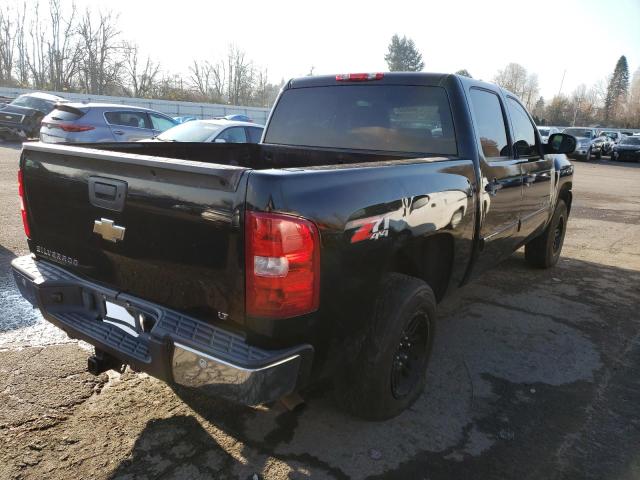 Photo 3 from auction – 2008 CHEVROLET SILVERADO with VIN 3GCEK13J28G283860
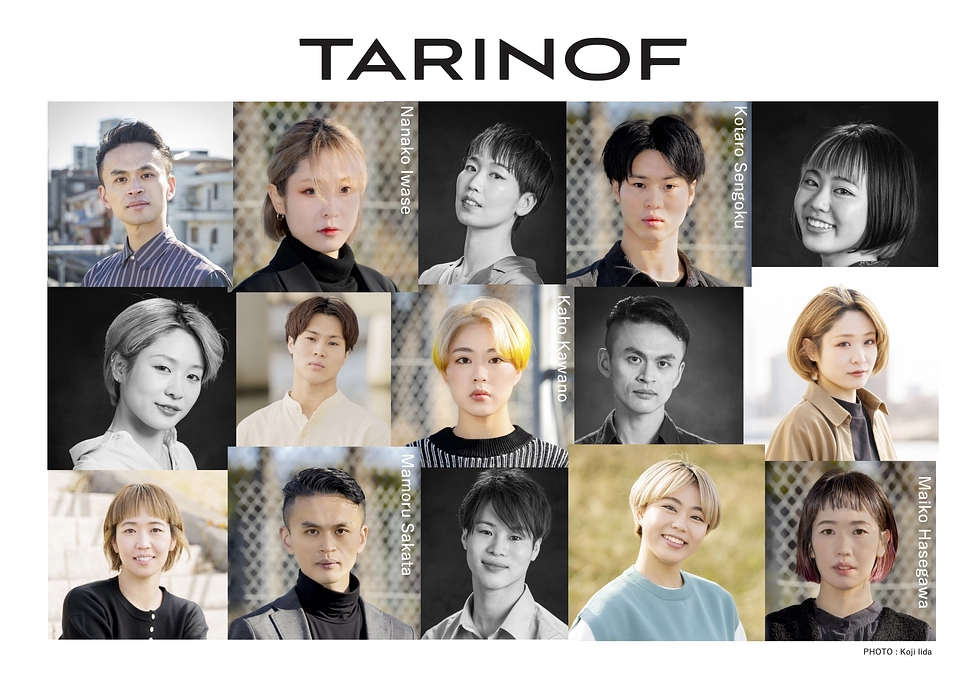 クラウドファンディング終了まで残り18日！！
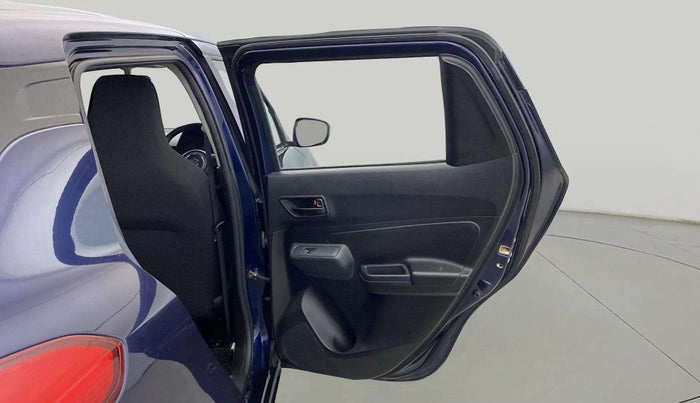 2022 Maruti Swift LXI, Petrol, Manual, 18,945 km, RHS Rear Door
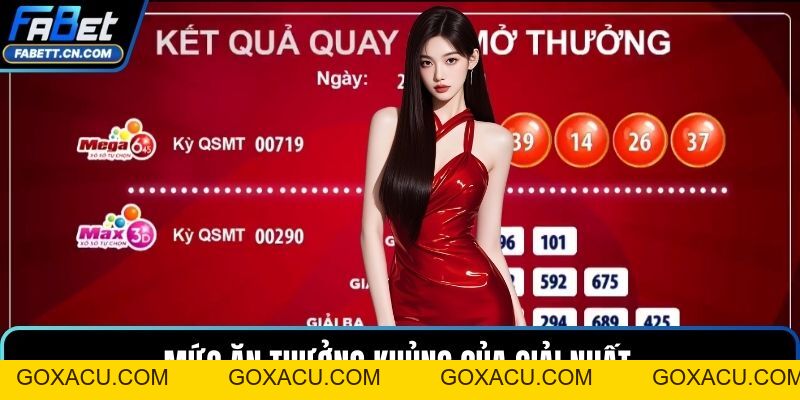 Xổ Số Mega – Cấu Trúc Giải Thưởng Và Lưu Ý Khi Tham Gia - goxacu Xổ Số Mega – Cấu Trúc Giải Thưởng Và Lưu Ý Khi Tham Gia - goxacu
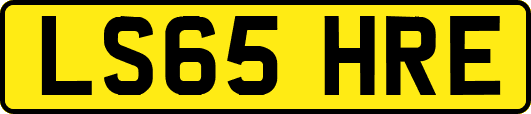 LS65HRE
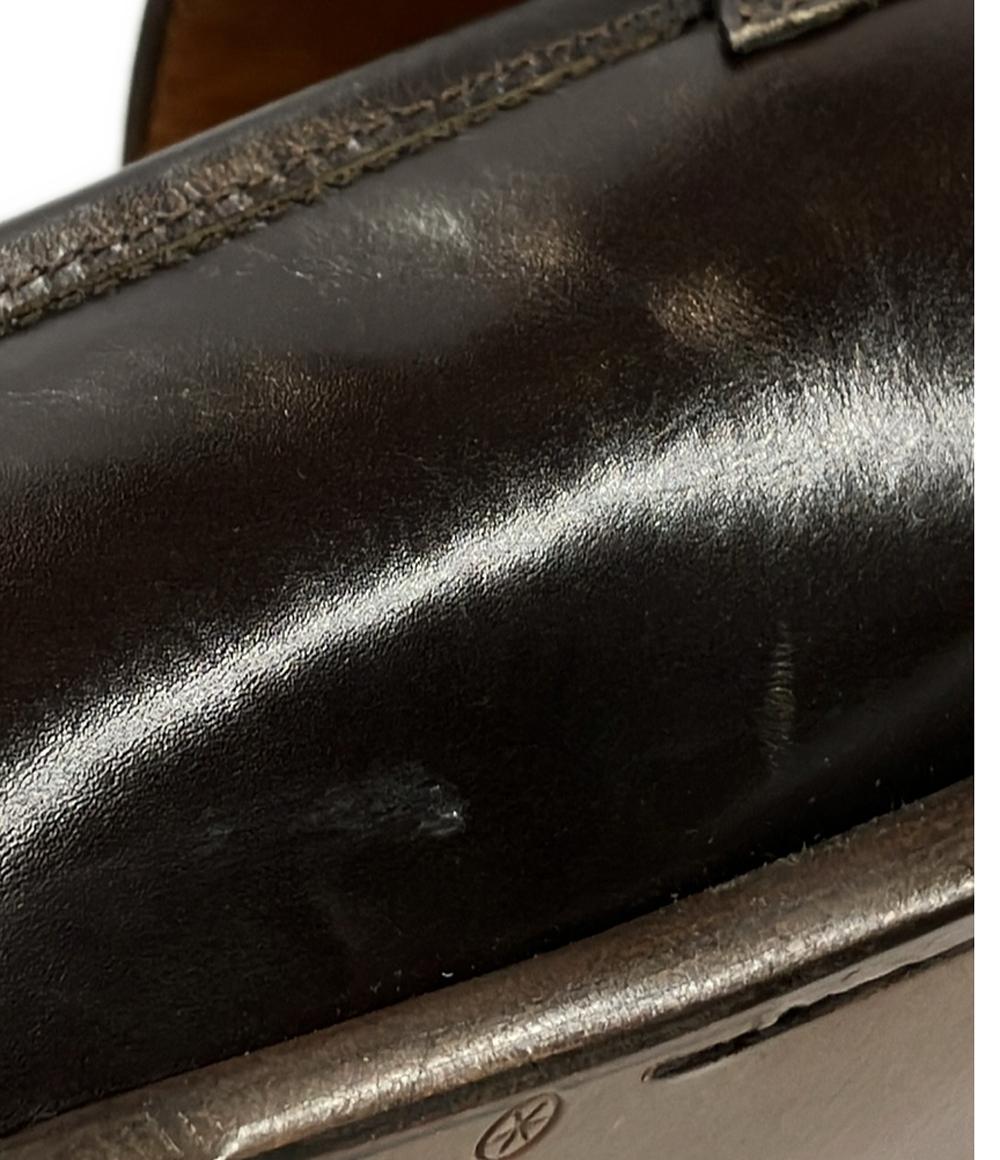 サルヴァトーレフェラガモ ガンチーニローファー SH 1512 レディース SIZE 6 (M) Salvatore Ferragamo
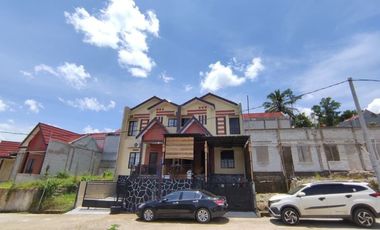 Rumah 300 Jutaan Kota Rangkasbitung, 10 ment ke Stasiun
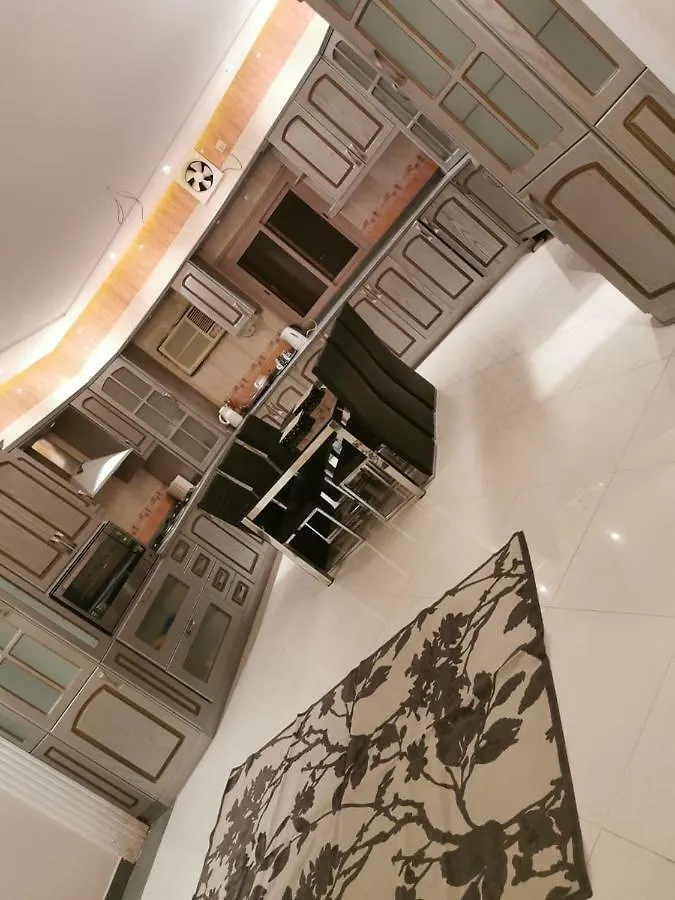 Alrasifeh Apartment 1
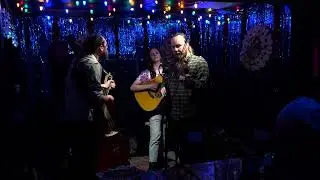 Kentucky Heartbreak - Mama Said String Band - The Orbit Room Bloomington IN 010926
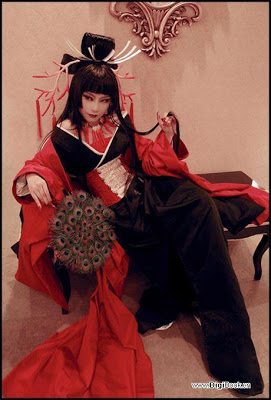 Cosplay XXXHolic Small2Image632968598881126250699081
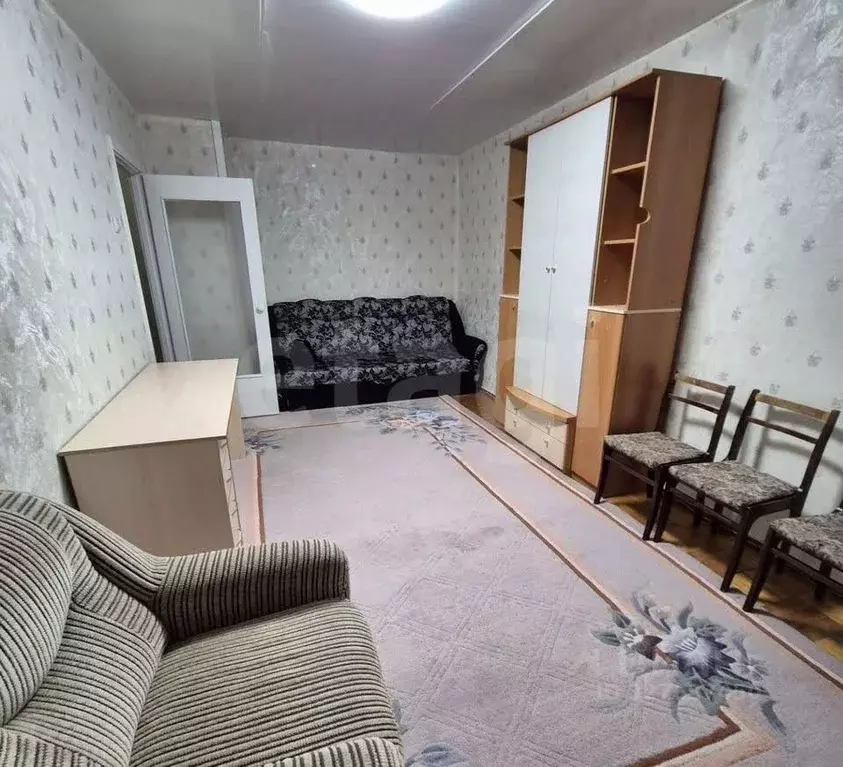 1-к кв. Удмуртия, Ижевск Областная ул., 20 (30.0 м) - Фото 2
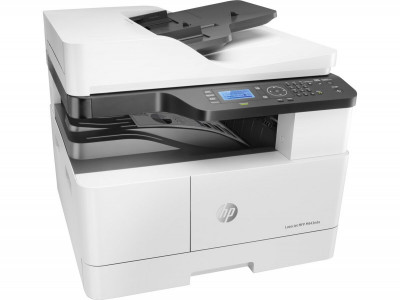 HP LaserJet M443nda Imprimante laser monochrome multifonction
● ● ● ● ● ● ●
§ **Task statement**
Pictures stay out. Print the data exactly, from its first line through the line containing "2022 Maruti Swift".

§ **Written response**
 Photo 3 from auction – 2008 CHEVROLET SILVERADO with VIN 3GCEK13J28G283860
 クラウドファンディング終了まで残り18日！！
 2022 Maruti Swift LXI, Petrol, Manual, 18,945 km, RHS Rear Door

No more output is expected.